In spite of the name, the key stop levers do not stop the keys. Rather, the key stop levers operate the key stops, which stop the segment lever, which stops the keys.
The key stops.
The key stops are a pair of heavy (0.067") "inverted-L" levers which operate alternately for the odd and even keys. The key stops are nested together on a 0.108" pivot wire, one on each side of the sawtooth rack near the front of the segment lever.
The vertical arms of the key stops are pulled rearwards by long coil springs attached to the frame plates. The horizontal arms support the forward ends of the long key stop levers, via the "inverted-J" hooks.
The actual "stops" are a pair of half-round lugs which are securely riveted to the bottom of the two vertical arms. As the key stop lever is presssed down, the corresponding vertical arm swings forward to engage the stop lug with the saw-tooth rack, bringing the segment lever to a very positive stop.
The "odd" keystop (blue) is shown forward and engaged with the sawtooth, so as to reveal the "even" stop (red) in more detail. Note how the even key stop folds over behind the frame plate to engage the sawtooth from the far side.
Key operation - rest position.
The keys are normally supported by a keypiece at the bottom, and located by a slot in the key plate at the top. The key plate rests directly on the top horizontal edges of the frame plates.
The four long horizontal levers are shown in their rest position. The keystem passes between the levers, with the segment lever and lock levers on the far side and the key stop levers closest.
The vertical arms of the key stops are pulled rearwards, so that the stop lugs are clear of the sawtooth rack. The horizontal arms are held upwards, supporting the key stop levers. The extended vertical tabs on the two key stop levers are pushed upwards against the horizontal stop wire (just rearward of the keystem), thus setting the rest position of the entire key stop mechanism. The lock lever is held upwards against the same wire by the segment lever bell crank and spring. The segment lever is held upwards against the eccentric cam on the front tie rod.
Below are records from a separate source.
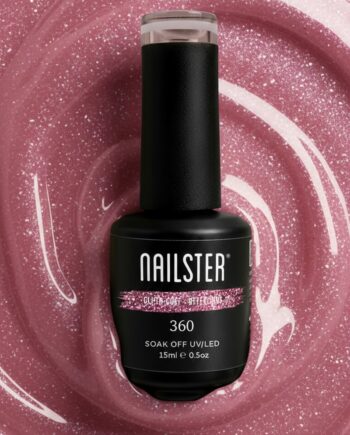 Reflective Pink  ?  360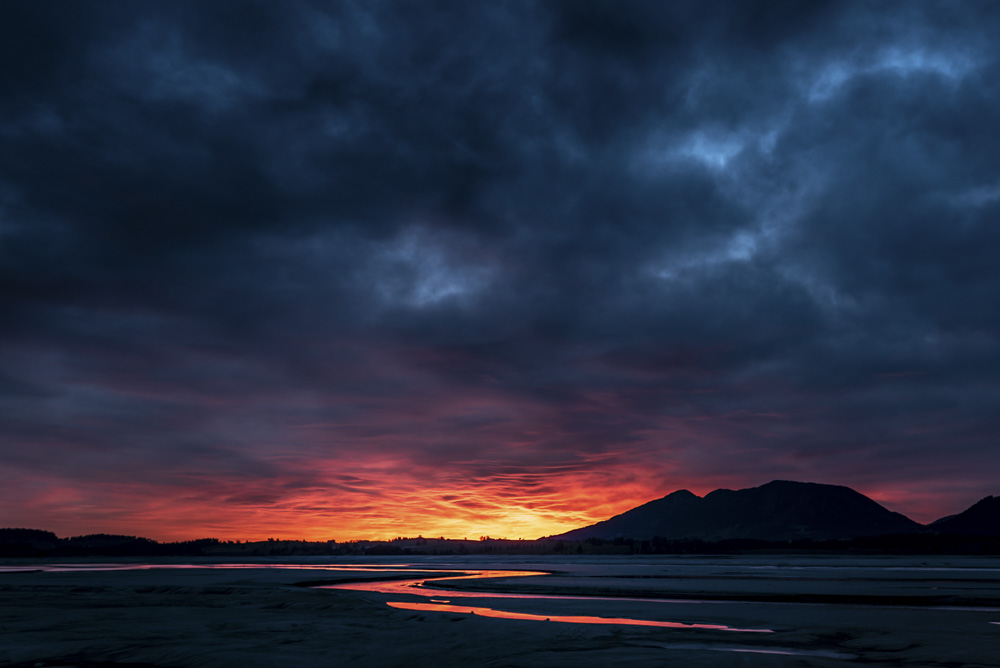 Monatsbilder Juni 2018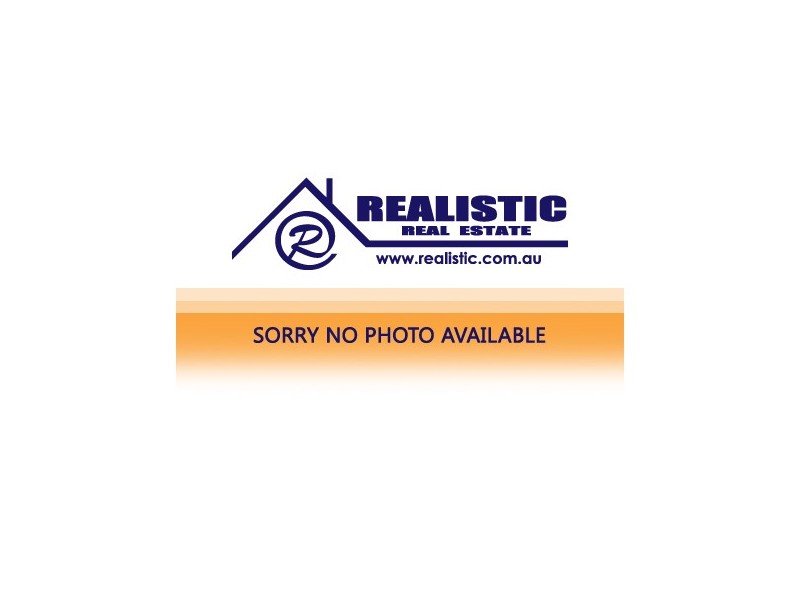 Dulwich Hill NSW 2203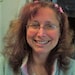 Claire Dominion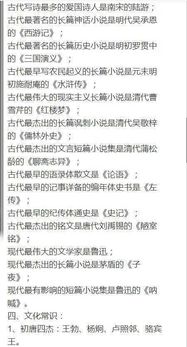考人管師一級要不要考基礎知識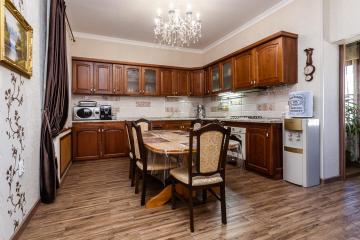 Фото №2: Дом 165 м² - Яблоновский, пер. Колхозный, 20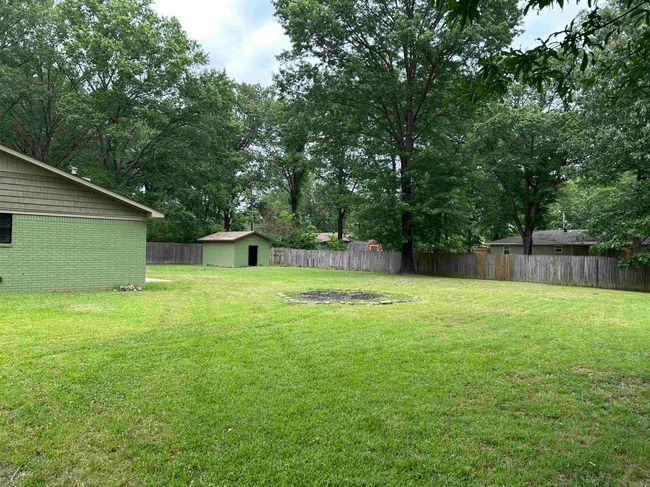 60 Sandpiper Ct, House other with 4 bedrooms, 2 bathrooms and null parking in Conway AR | Image 25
As the key starts to move down, the shoulder on its right-hand side first contacts the tab on the lock lever, which stands slightly higher than that on the segment lever. The relative motion between the two levers operates the segment lever bell crank, pushing its vertical arm forward and arming the "Controlled Key" mechanism (described later). As soon as the key reaches the segment lever tab the two levers move down together and the bell crank movement ceases.
The key continues downwards, with the backstop holding the accumulator and the pinion ratchet free-wheeling.
Key operation - full stroke.
As the key reaches the bottom of its intended travel, the shoulder on its left-hand side contacts the raised tab on the corresponding key stop lever and pushes it downwards. (The key shown is number 4, which engages with the even key stop lever. Notice that the other lever is still pulled up against the central stop rod).
The key stop lever presses downwards on the horizontal arm of the key stop, swinging the vertical arm forward into the path of the sawtooth rack on the segment lever. All motion comes to an abrupt and positive stop when the lower horizontal surface of the downward-moving sawtooth collides with the upper horizontal surface of the forward-moving stop lug.
The heights of the tabs on the keystems and the key stop levers are arranged so that the keys will operate the stops alternately on the five horizontal sections of the saw-tooth rack - 1 and 2 on the lowest section, 3 and 4 (shown) on the second section, and so on.
The final position of the segment rack (and hence the accumulator pinion) is very precisely controlled, as it depends only on the dimensions of the sawtooth rack and the length of the key stop arm, and not on the keys or the lever mechanism.
When the operator releases the key, the segment lever springs pull the mechanism back to the starting position, with the pinion ratchet advancing the accumulator by an exact number of steps.